Secrets of Jönköping: Why Do Most 80-Year-Olds Have More Than 20 Remaining Teeth, and Why Are There Very Few Edentulous?

Fig. 11.1

Frequency (%) of children and adolescents without caries and restorations in 1973, 1983, 1993, 2003, and 2013

11.2.2 Periodontitis and Gingivitis

Between 1983 and 2013, there was a significant increase in the frequency of individuals 20–80-year-olds with no or minimal periodontitis experience—from 43% in 1983 to 60% in 2013 [5]. The number of individuals having pocket depth ≥6 mm also decreased in the total population between 1983 and 2013. There was a continuous decrease in the percentage of individuals classified with severe periodontitis from 16% to 11% between 1983 and 2013. In 1973, the prevalence of individuals in age groups 20–70 years with severe periodontitis experience was only 3%. This low number of individuals with severe periodontitis experience was due to a high number of edentulous subjects. In addition, 80-year-olds were not part of the study in 1973. An interesting finding was that among all periodontal disease groups examined, the severe group is the only group showing an increase in the number of teeth between 2003 and 2013. The frequency of tooth sites with gingivitis was generally lower in the last 20 years compared with the years 1973–1993 (Fig. 11.2).
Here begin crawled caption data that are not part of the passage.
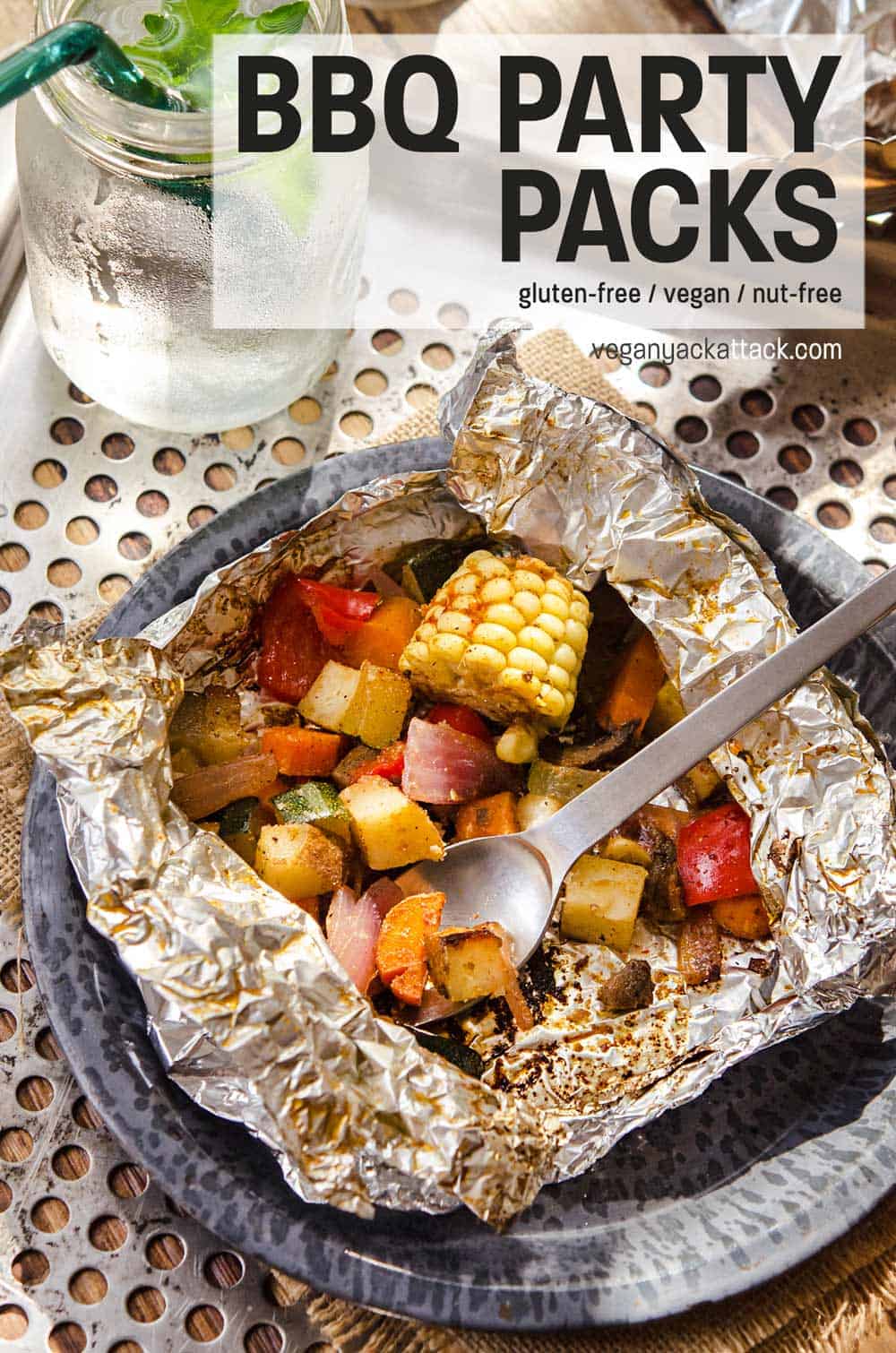 Foil, grilled, BBQ Party Pack opened up with veggies showing, being eaten with a spork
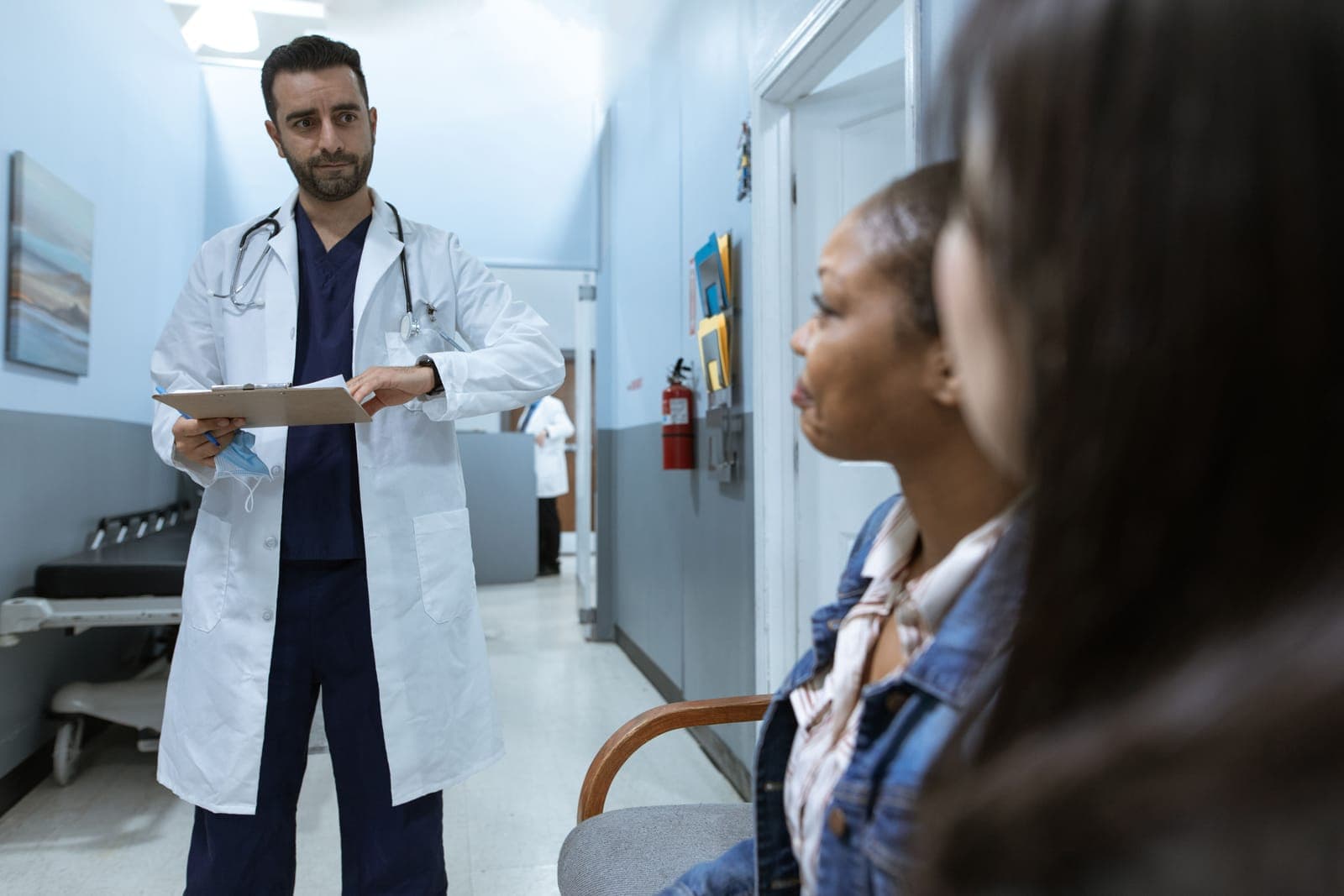 Médico conversando com pacientes em corredor de hospital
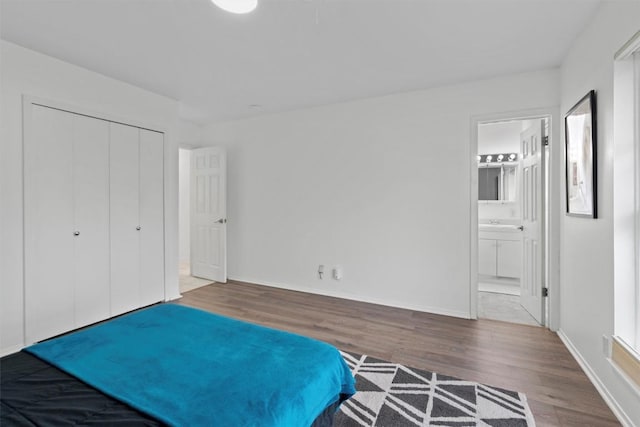 unfurnished bedroom featuring ensuite bath, hardwood / wood-style floors, and a closet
In the 50-year-olds, the percentage of tooth surfaces with gingivitis was 39% in 1973 and 15% in 2013.

Fig. 11.2

Frequency (%) of total number of sites with gingivitis as a percentage of total number of existing sites. Means in the different age groups in 1973, 1983, 1993, 2003, and 2013

11.2.3 Teeth and Edentulousness

During the 40-year period since the first Jönköping study, the mean number of teeth increased at each examination in the age groups 30–80 years (Fig. 11.3). In 2013, 20–60-year-olds had complete dentitions, and the individuals in age groups 70 and 80 years had a mean number of teeth of 23 and 21, respectively. The increase in mean number of teeth among the age groups 60–80 years was mainly explained by an increase in premolars and molars.

Fig. 11.3

Number of existing teeth (third molars and edentulous individuals excluded). Means in the different age groups in 1973, 1983, 1993, 2003, and 2013

Oral health in the examined population has improved extensively by the decreased prevalence of edentulousness and increased number of existing teeth. Edentulous individuals with complete dentures in the age groups 40–70 years decreased from approximately every sixth individual in 1973 to none in 2013. The few edentulous subjects among the age groups had been treated with implant-supported prostheses in one or both jaws. During the last decade, the number of existing teeth increased in the older age groups, 60–80 years, while only minor changes were seen among the younger age groups, where all individuals had almost complete dentitions. In the oldest age group, 80 years, the mean existing number of teeth reached one of the WHO goals, stipulating that more than half of all 80-year-olds should retain a minimum of 20 functional teeth [6].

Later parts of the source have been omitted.